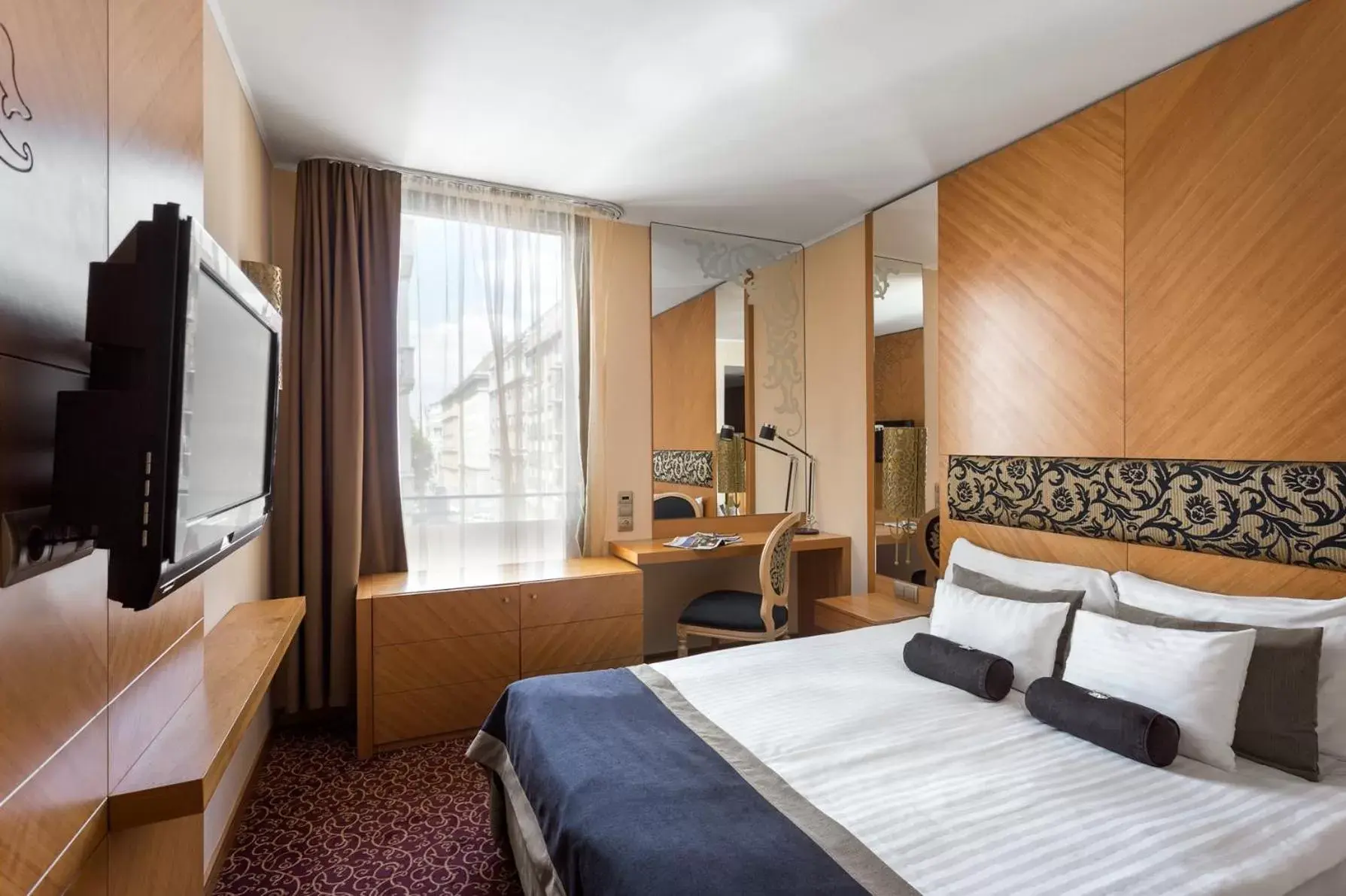 Bedroom, Bed in Marmara Hotel Budapest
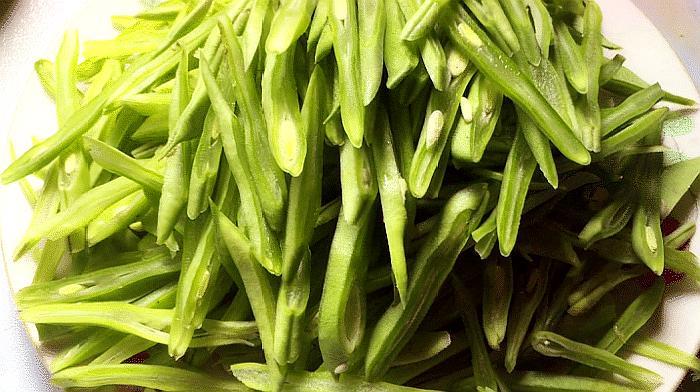芸豆丝炒肉丝芸豆要焯水么,芸豆炒肉丝用什么芸豆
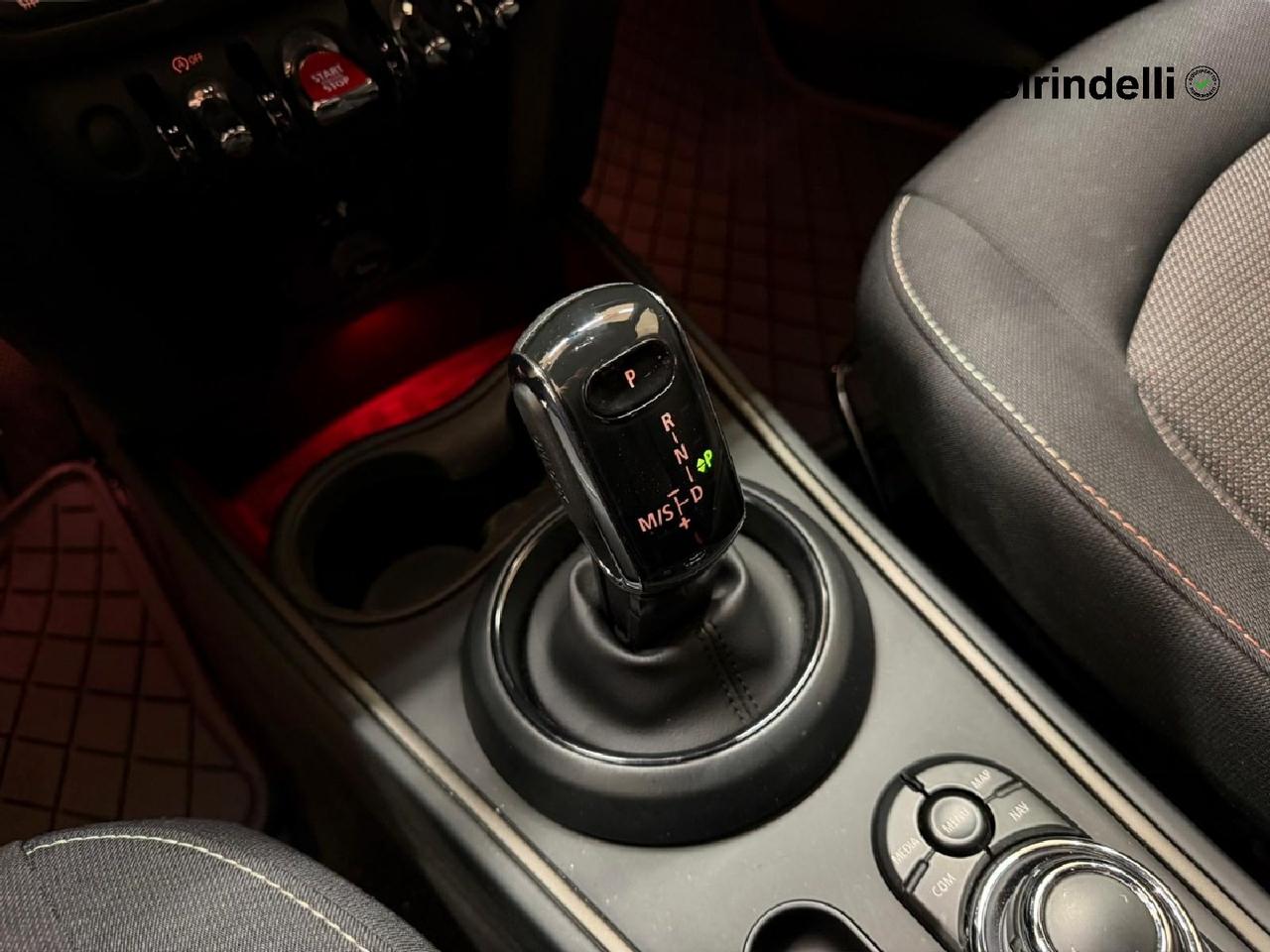 MINI Mini Countrym.(F60) - Mini 2.0 Cooper D Business Countryman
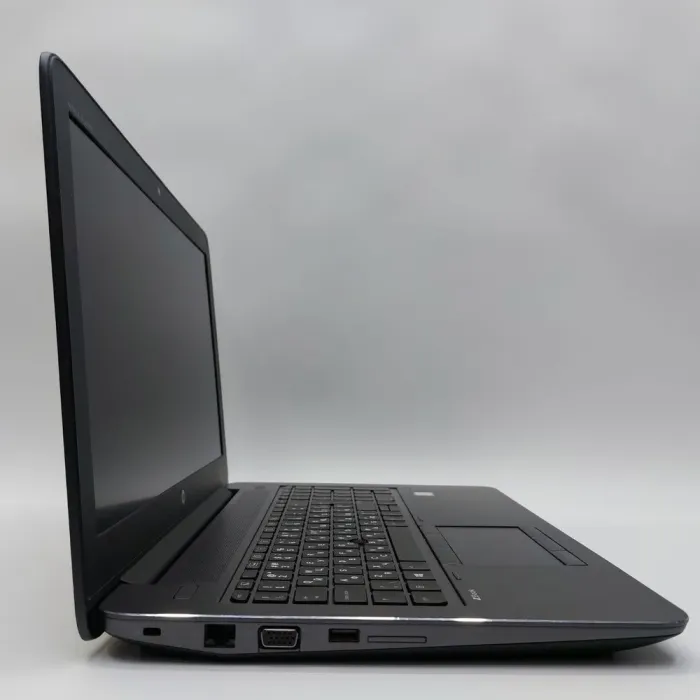 Мобільна робоча станція HP Zbook 15 G3 / 15.6" (1920x1080) TN / Intel Core i7-6820HQ (4 (8) ядра по 2.7 - 3.6 GHz) / 32 GB DDR4 / 512 GB SSD / nVidia Quadro M2000M, 4 GB GDDR5, 128-bit / WebCam / Win 11 Pro б/в - зображення 4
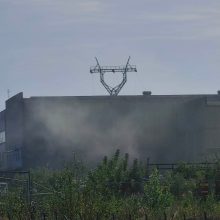 Grėsmingas pranešimas iš Petrašiūnuose: sandėlyje įsiplieskė gaisras
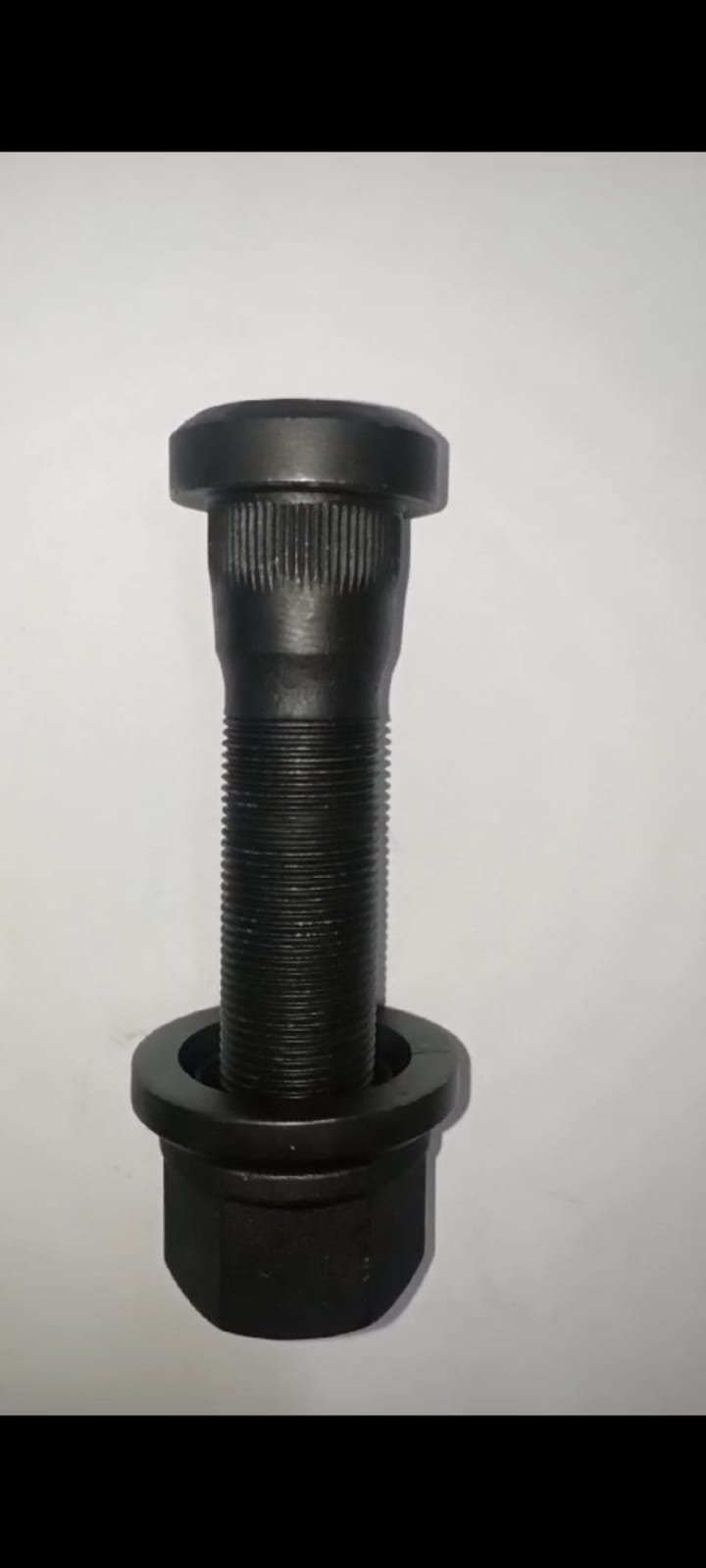 ZM 300.2272 - CONJ PARAFUSO RODA TRASEIRO VOLVO FH13 M22-1,5 X 105,5 / 116 PORCA 33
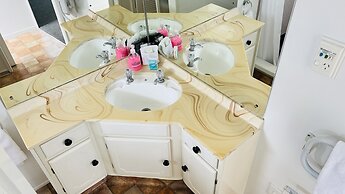 18th Avenue Thermal Motel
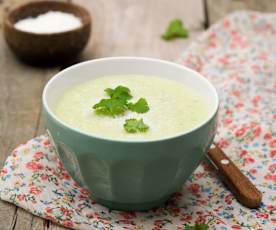 Kokosowy chłodnik z awokado i pastą curry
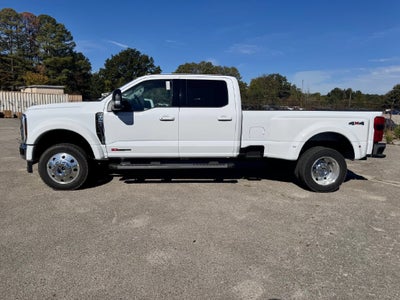 2027 Ford F-450SD Lariat DRW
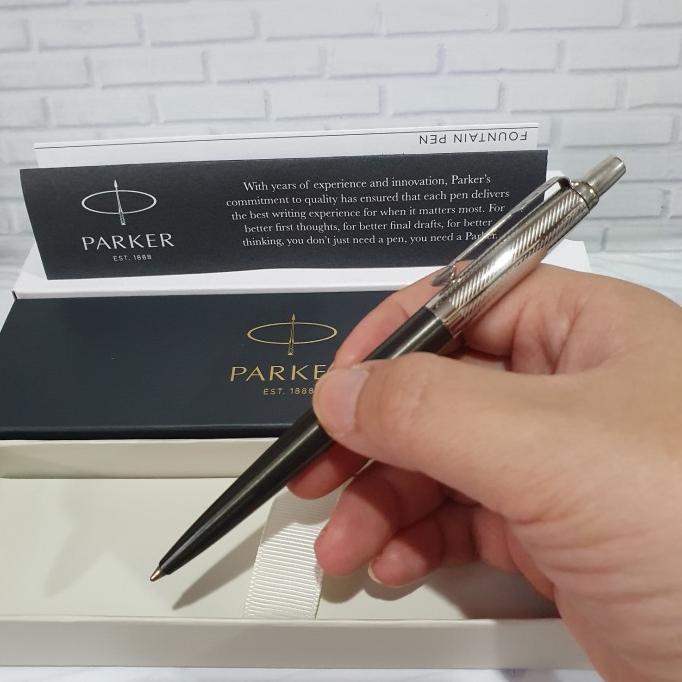 

Pulpen Parker Jotter Premium TowerGrey Diagonal CT BP Free Grafir Nama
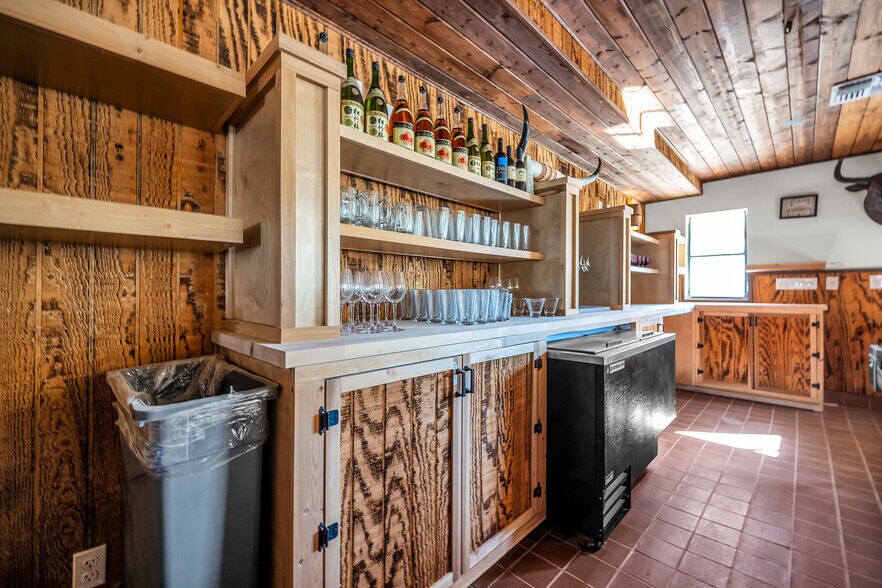 More Photos Of 658 Lebec Rd, Lebec Restaurant For Sale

************

Task to carry out - All of the material above must be retyped exactly, line for line, with the images dropped.

Response area -
 Bedroom, Bed in Marmara Hotel Budapest
芸豆丝炒肉丝芸豆要焯水么,芸豆炒肉丝用什么芸豆
 MINI Mini Countrym.(F60) - Mini 2.0 Cooper D Business Countryman
 Мобільна робоча станція HP Zbook 15 G3 / 15.6" (1920x1080) TN / Intel Core i7-6820HQ (4 (8) ядра по 2.7 - 3.6 GHz) / 32 GB DDR4 / 512 GB SSD / nVidia Quadro M2000M, 4 GB GDDR5, 128-bit / WebCam / Win 11 Pro б/в - зображення 4
 Grėsmingas pranešimas iš Petrašiūnuose: sandėlyje įsiplieskė gaisras
 ZM 300.2272 - CONJ PARAFUSO RODA TRASEIRO VOLVO FH13 M22-1,5 X 105,5 / 116 PORCA 33
 18th Avenue Thermal Motel
 Kokosowy chłodnik z awokado i pastą curry
 2027 Ford F-450SD Lariat DRW

Pulpen Parker Jotter Premium TowerGrey Diagonal CT BP Free Grafir Nama
 More Photos Of 658 Lebec Rd, Lebec Restaurant For Sale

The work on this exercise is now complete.